Even more startling is that seven per cent of borrowers are spending more than half of their income on home repayments.
Meanwhile, Finder's Consumer Sentiment Tracker reveals 13 per cent of households have missed at least one mortgage repayment in the past six months.
Despite the shocking statistics, Finder home loans expert Richard Whitten, says mortgage holders are under significantly less financial strain since the rate cuts in February and May.
"The loan to income ratio is improving with thousands of homeowners getting relief when they need it most," Whitten said.
"This shift marks a turning point - for the first time in years, many households are finally able to breathe financially," he added.
The survey found two thirds of borrowers (63 per cent) are now spending less than 30 per cent of their income on mortgage payments, compared to 53 per cent in February.
While the average Australian mortgage holder spends 28 per cent of their after-tax income on their mortgage - just below the recommended threshold of 30 per cent.
However, Whitten was quick to add that many households will be relying on further rate cuts to ease financial pressure.
"Low mortgage stress doesn't mean everyone is suddenly flush with cash," he said.

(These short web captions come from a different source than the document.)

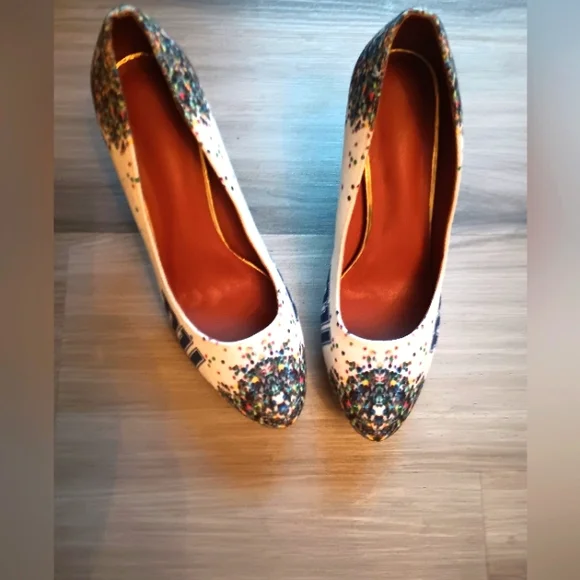 NFL RARE LIKE NEW‼️NY GIANTS HIGH HEELS - Picture 3 of 5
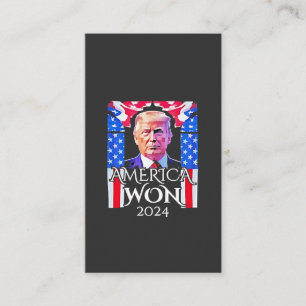 Stolzer Maga Amerikaner Trump gewann am Tag der Am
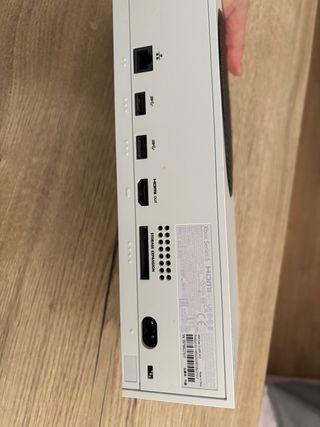 Xbox Series S Blanca com un mando 512GB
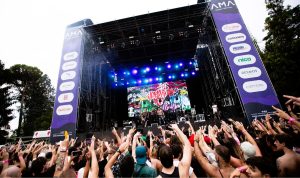 Fermati con coltelli ai controlli, due denunce durante l'AMA Music Festival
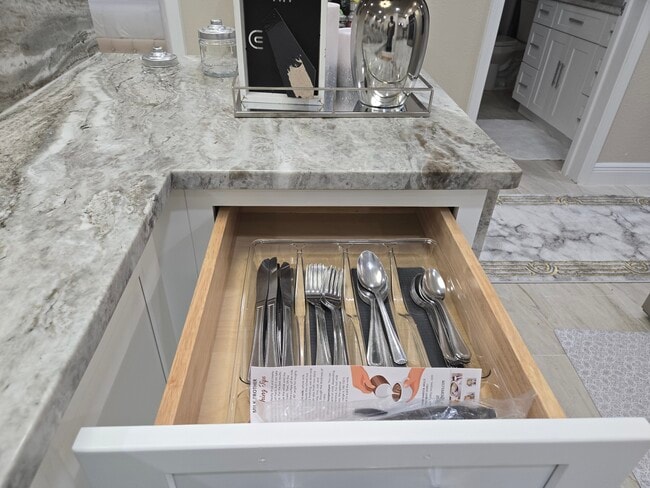 Foto del edificio - 349 Endeavor Way Ln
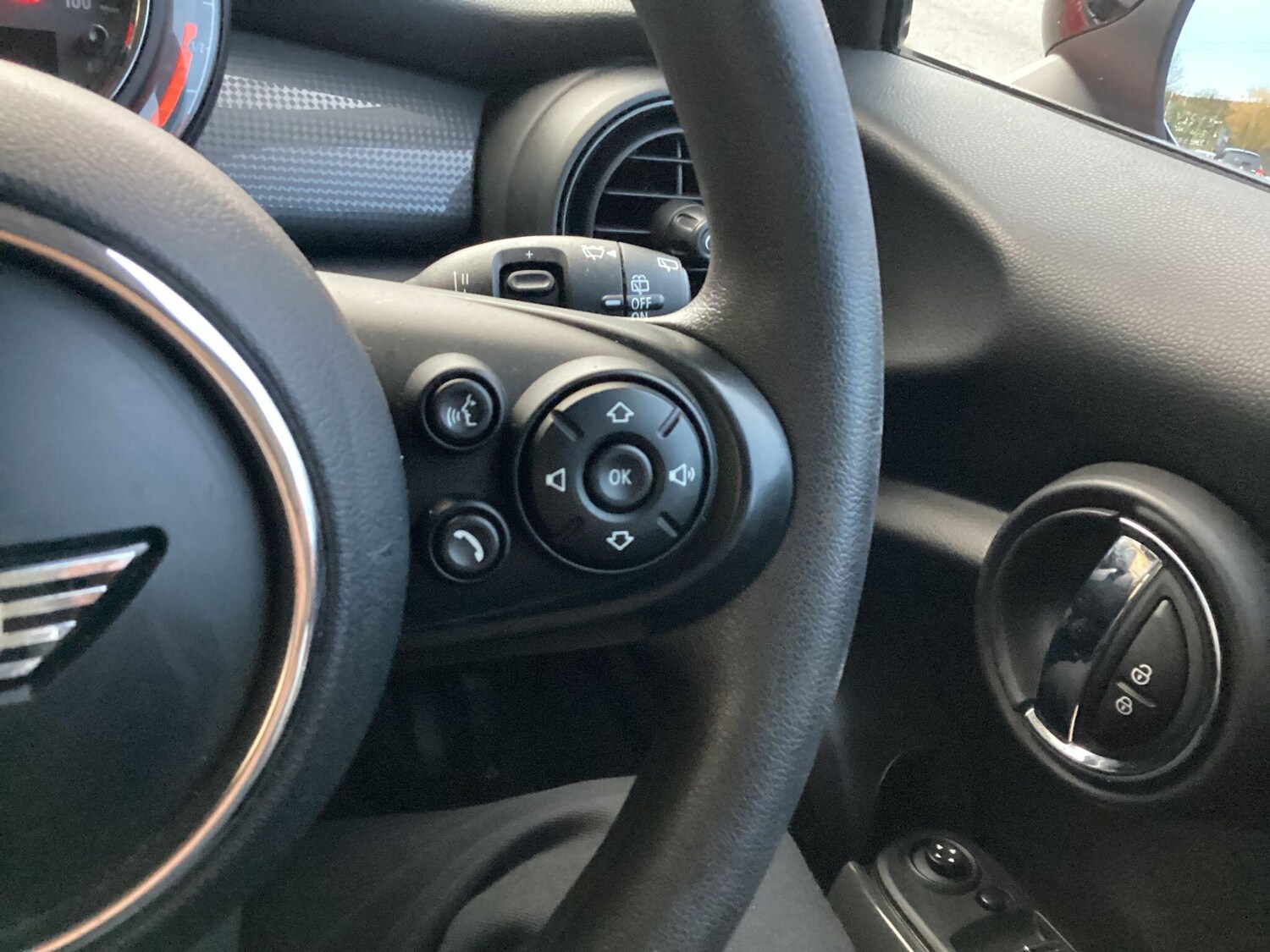 Used MINI Hatch 2018 for sale - 76701237: Photo 17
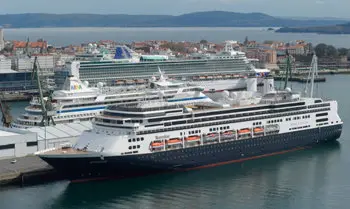 Escala de un crucero en el puerto de A Coru&ntilde;a.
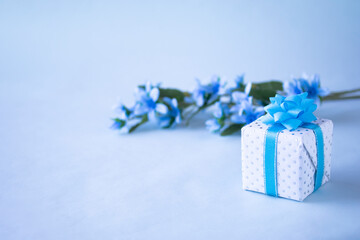 青いプレゼントとブルースター（造花）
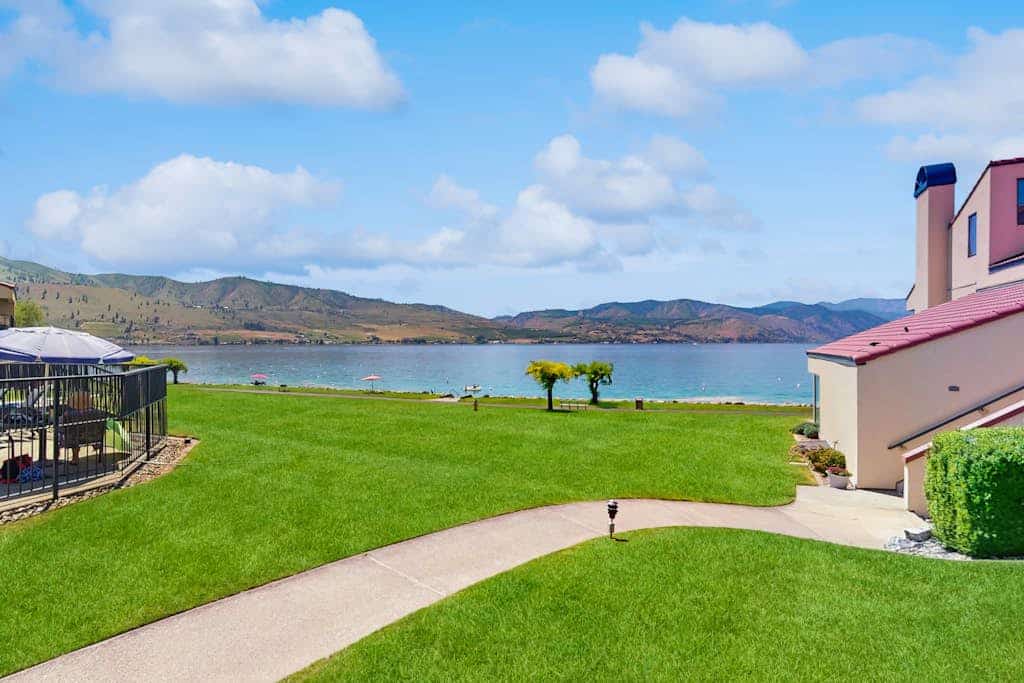Charming Lakefront Condo with a Shared Pool and Hot Tub, Dock, and Free WiFi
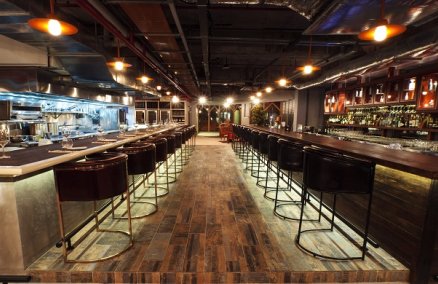 Bochinche, Singapore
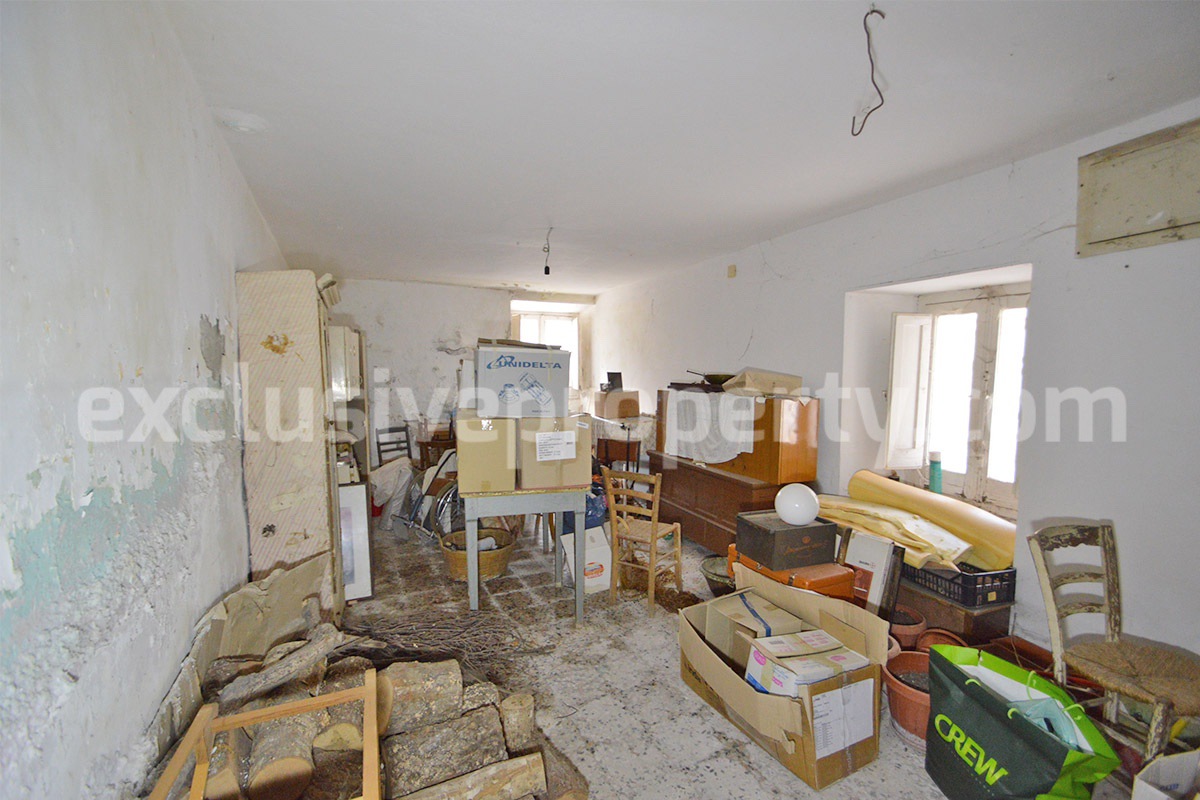 Large house with five bedrooms and balconies view hills ready to live in for sale in Abruzzo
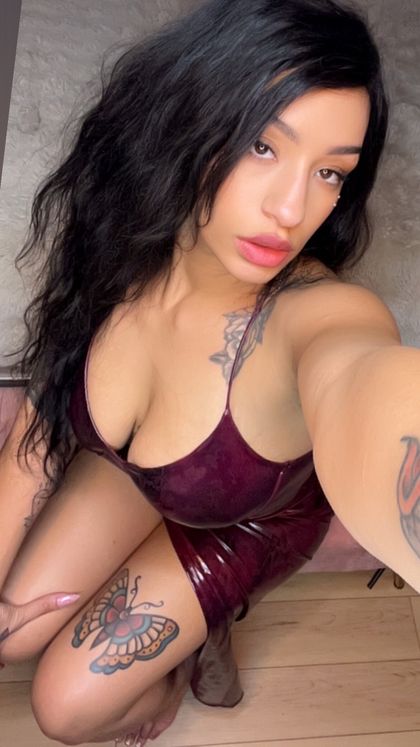 flogginglayla OnlyFans picture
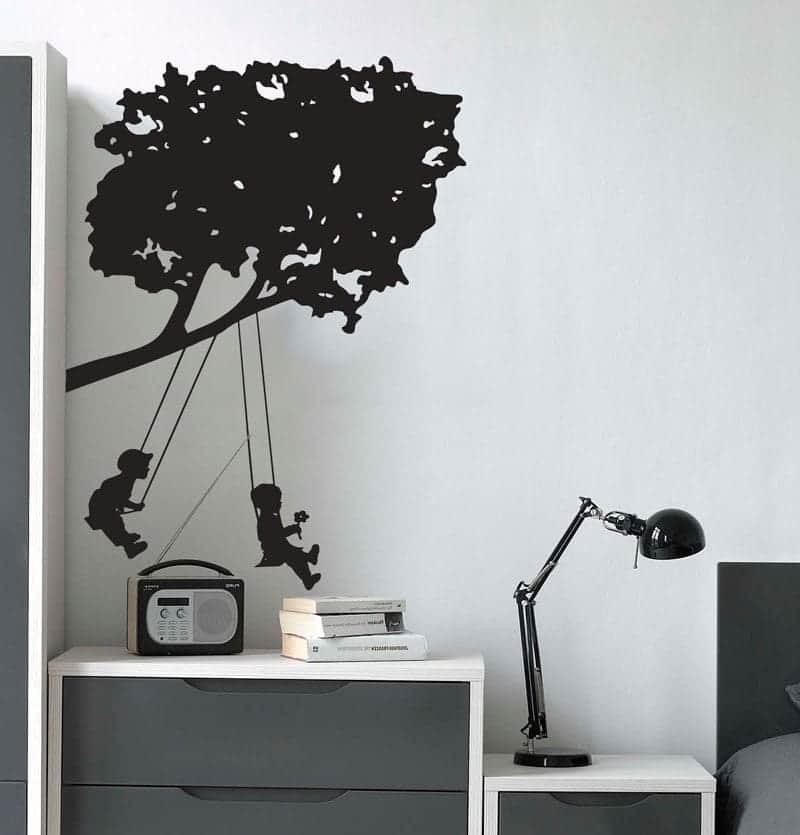 Børn Gynger Under Træ - Wallsticker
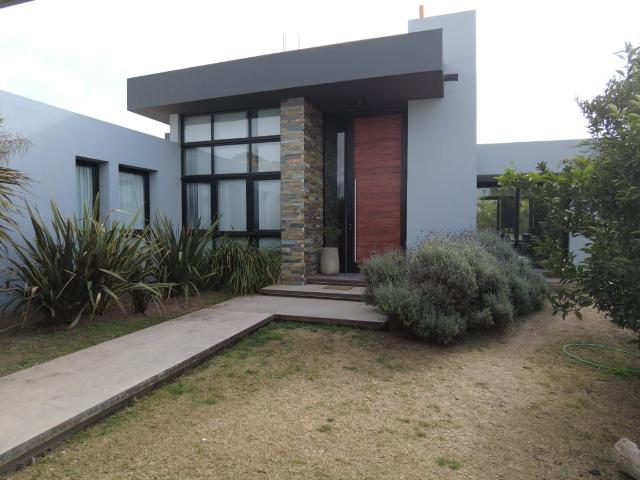 Venta de espectacular Casa 5 o mas ambientes en Juana Koslay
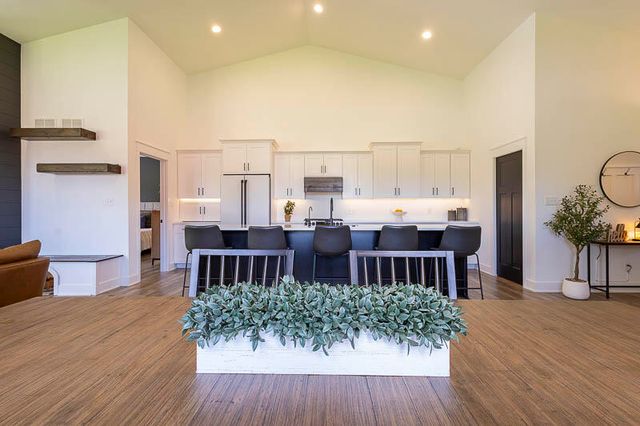 539 Scenic View Avenue, Valparaiso, IN 46385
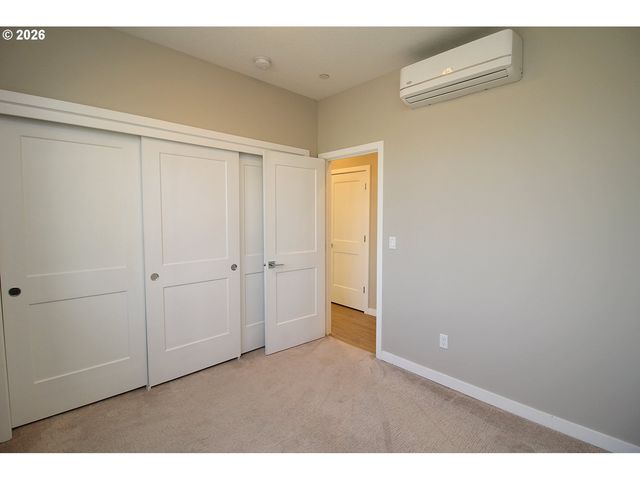 1906 Se TACOMA St, Portland, OR 97202
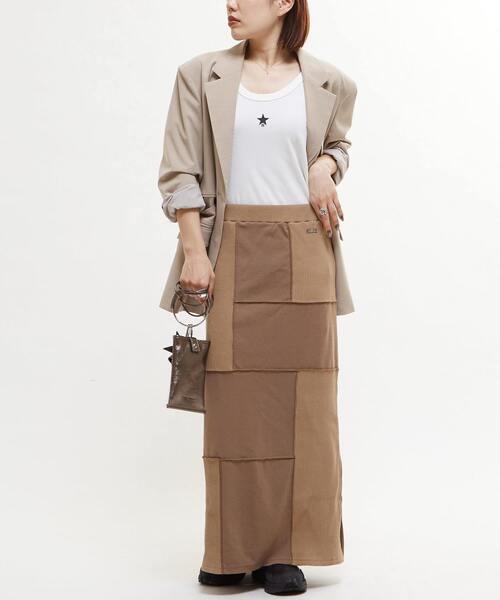 CONVERSE TOKYO(コンバーストウキョウ)の「【HL】PATCHWORK RIB SKIRT(スカート・レディース・キャメル/ブルー/ブラック・FREE)」の21枚目の写真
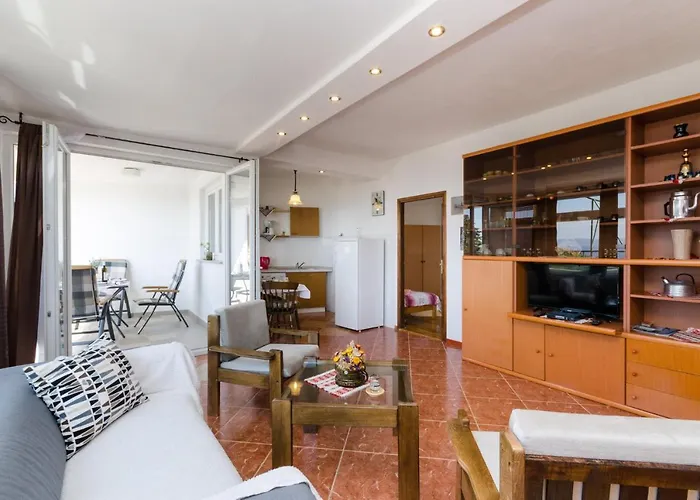 Dada * Novi Vinodolski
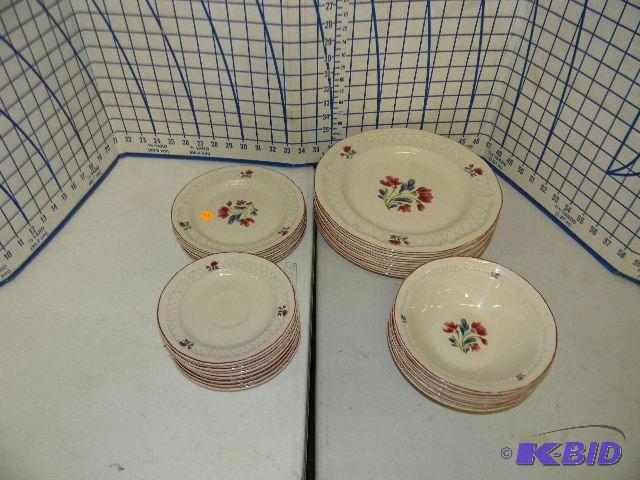 lot 51 image: Lot of 22 matching dishes - 7 saucers, 4 sala...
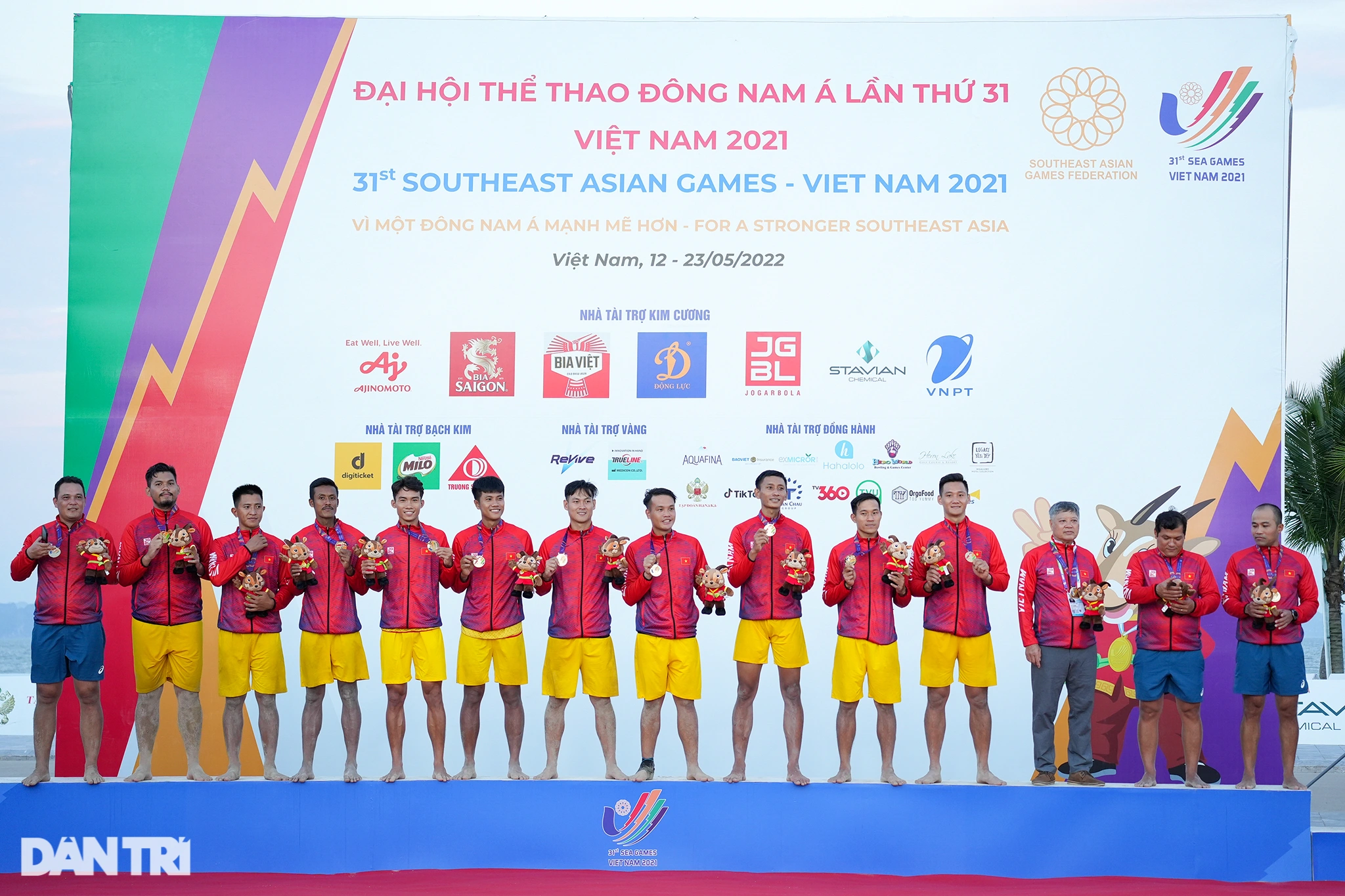 Bóng ném bãi biển Việt Nam bảo vệ thành công huy chương vàng SEA Games 31 - 9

"While the two rate drops so far in 2025 have provided some relief month to month, many families are still living pay cheque to pay cheque.
"The fact that over a million borrowers are still stretched shows we're not out of the woods - but the worst may be behind us," he said.
Whitten encouraged borrowers to explore refinancing as lenders drop their rates.
"Refinancing to a cheaper loan could put hundreds of dollars back in homeowners' pockets each month - a simple move that can ease pressure and keep repayments on track," he said.